The ultimate ZFS ESXi datastore for the advanced single User (want, not have)

Discussion in 'Solaris, Nexenta, OpenIndiana, and napp-it' started by Rand__, Nov 3, 2019.

  1. Rand__

    Rand__ Well-Known Member

    Joined:
    Mar 6, 2014
    Messages:
    3,592
    Likes Received:
    544
    So I've been trying to build the ultimate ZFS storage system for a while now, and have thrown tons of time and probably even more money at it but without actually getting *there*. So I thought I'd start fresh and ask for help from real experts since my tinkering didnt work out:p

    I will leave all the old issues out for now and start with a fresh idea if possible (but of course reuse in case I can in the actual build).

    Now I am totally aware that this is highly depending on what the goal/expectation is so here are mine (I am sure I have been stated these quite often in my various rants/complain threads but just to have all in one place).

    • I want to run an ESXi cluster with a shared storage on a ZFS system, ideally via nfs (so sync writes).
    • I want the ZFS system to be HA capable with at least 2 nodes
    • I want a write speed of 500MB/s per VM when moving from off system to on system and vice versa (cold or hot vmotion)
    Now lets have a look at this regardless of the hardware I already have - if I had unlimited funds what hardware would be capable of achieving this?
    If you think an off-the-shelf all flash array can then lets hear it too (although most are not catering for single users), but o/c that is most likely not the way to go.

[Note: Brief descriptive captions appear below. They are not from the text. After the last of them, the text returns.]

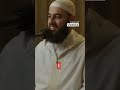 تجربة حلاوه الإيمان بودكاست
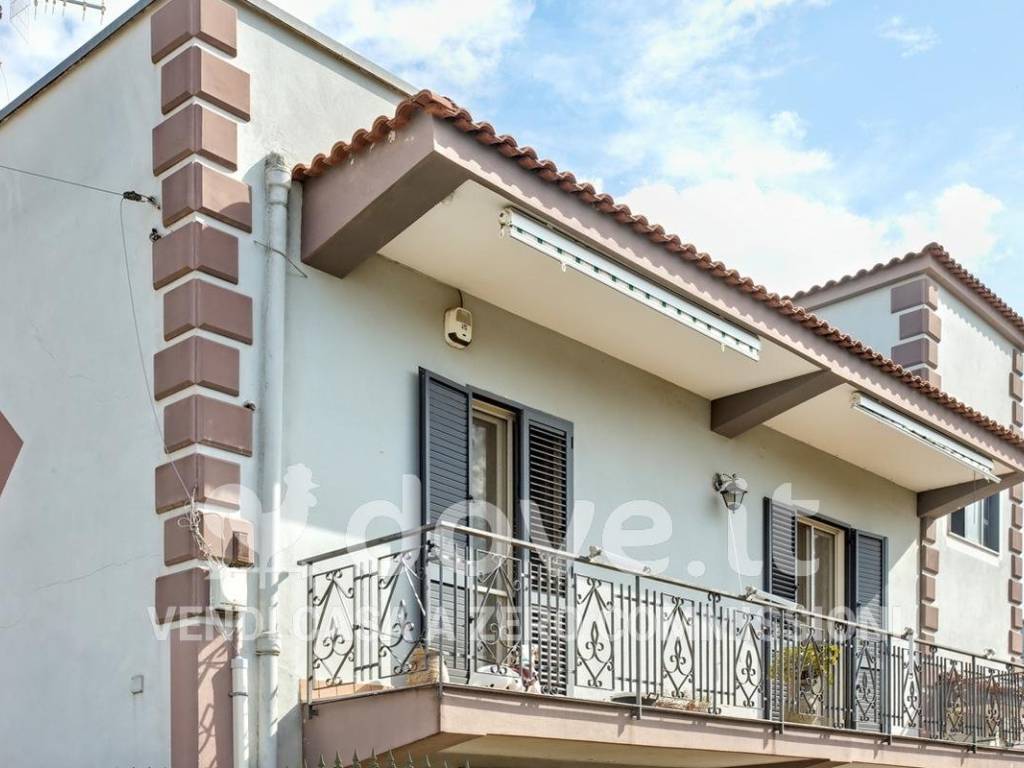 Appartamento a Santa maria la carità in Via Pioppelle, 78 - Foto 4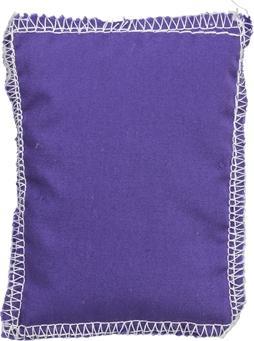 Actual product image Trixie Pillow with valerian (Catmint toy)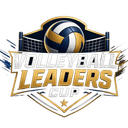 Volleyball Leaders Cup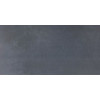 Плитка ITC универсальная (напольная и настенная) 120x60 Керамогранит SILICA Cloud Sugar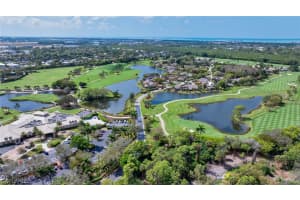 109 Bears Paw Trail, Naples, FL 34105 - MLS#226008857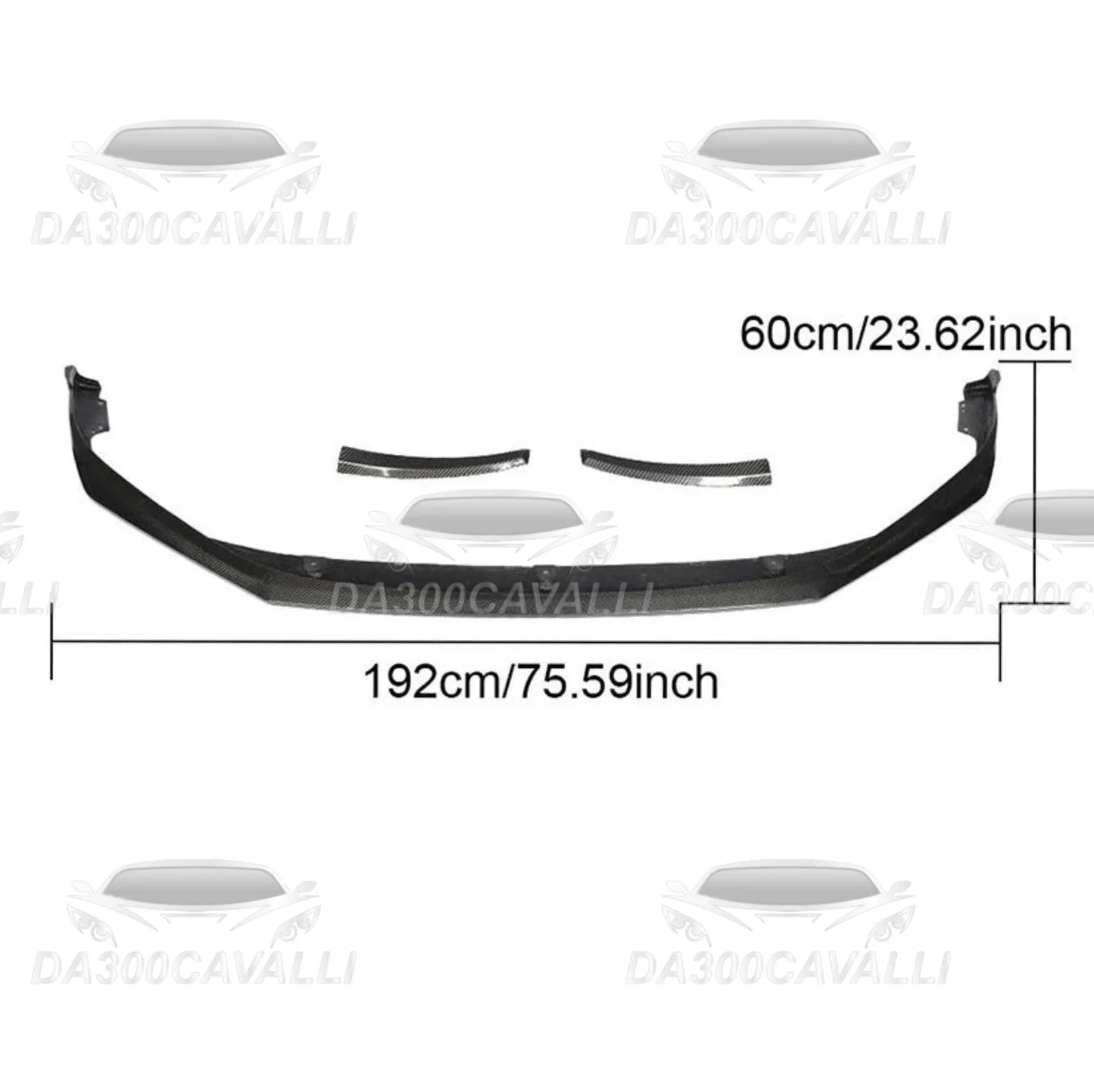 splitter-fibra-di-carbonio-porsche-panamera-2017-2019-da300cavalli-4 - Da300Cavalli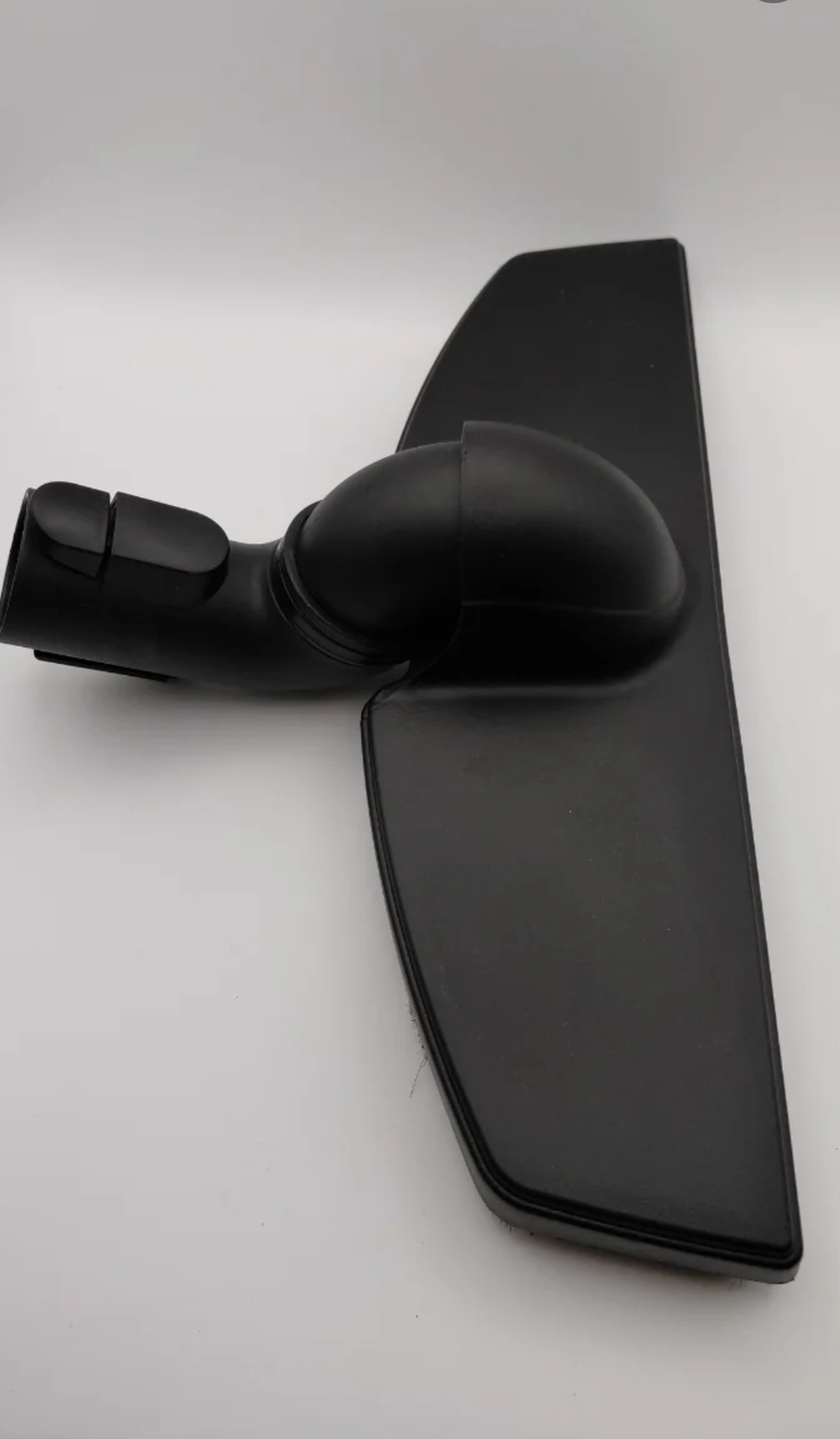 Cepillo Aspiradora Miele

But the info that a 5 node cluster of 24nvme drives each might be needed would be helpful (if you actually have seen it deliver and not read the specs only {which rarely show QD1/1T values anyway})

    Thanks:)
     
    #1
  2. gea

    gea Well-Known Member

    Joined:
    Dec 31, 2010
    Messages:
    2,273
    Likes Received:
    752
    The Cluster/ HA aspect is secondary if you use a ZFS dualhead active/passive cluster with multiport SAS/Nvme. It may be only special with iSCSI/FC or singleport Sata/NVMe on ESXi where the disk/network/ESXi performance may be a limiting factor depending on setup.

    If you use a single server ZFS dualport SAS/NVMe disk configuration that suits your performance needs with a single server, the Cluster just means to add and connect a second head (barebone or virtualized) to the second ports of the SAS/NVMe disks.
     
    #2
  3. Rand__

    Rand__ Well-Known Member

    Joined:
    Mar 6, 2014
    Messages:
    3,592
    Likes Received:
    544
    I agree, but at this time I haven't even found a single server solution satisfying my requirements (with Zfs).

    From your experience, what kind of hw (nr of disks/type + cpu) might be able to provide the desired performance?:)
     
    #3
  4. gea

    gea Well-Known Member

    Joined:
    Dec 31, 2010
    Messages:
    2,273
    Likes Received:
    752
    500 MB/s pool performance sequentially is not a problem. Easy to go > 1GB/s. If there is a lot of concurrent or small io, this will be very different. What I would try is to start with some Optane 900 in a raid-0 setup with as much RAM as available and a recsize like 32k or 64k when using VMs. This marks the upper end of what is possible with ZFS on your hardware. Then you can reduce to less Optane, NVMe or 12G SAS/ Sata SSD instead or use other cost limiting factors like dedicated Slog/ special vdev with a slower pool. If you care about sync performance this is again very special. Optane can land at around 800 MB/s sequentially. Nvme Flash maybe at 500 MB/s.

    When your pool can satisfy your needs, then it comes to network. 10G Ethernet without tcp tuning and Jumboframes lands at around 400 MB/s. With Jumboframes and tuning this can double. Above 1 GB/s you are in the region of a very special and not common setup.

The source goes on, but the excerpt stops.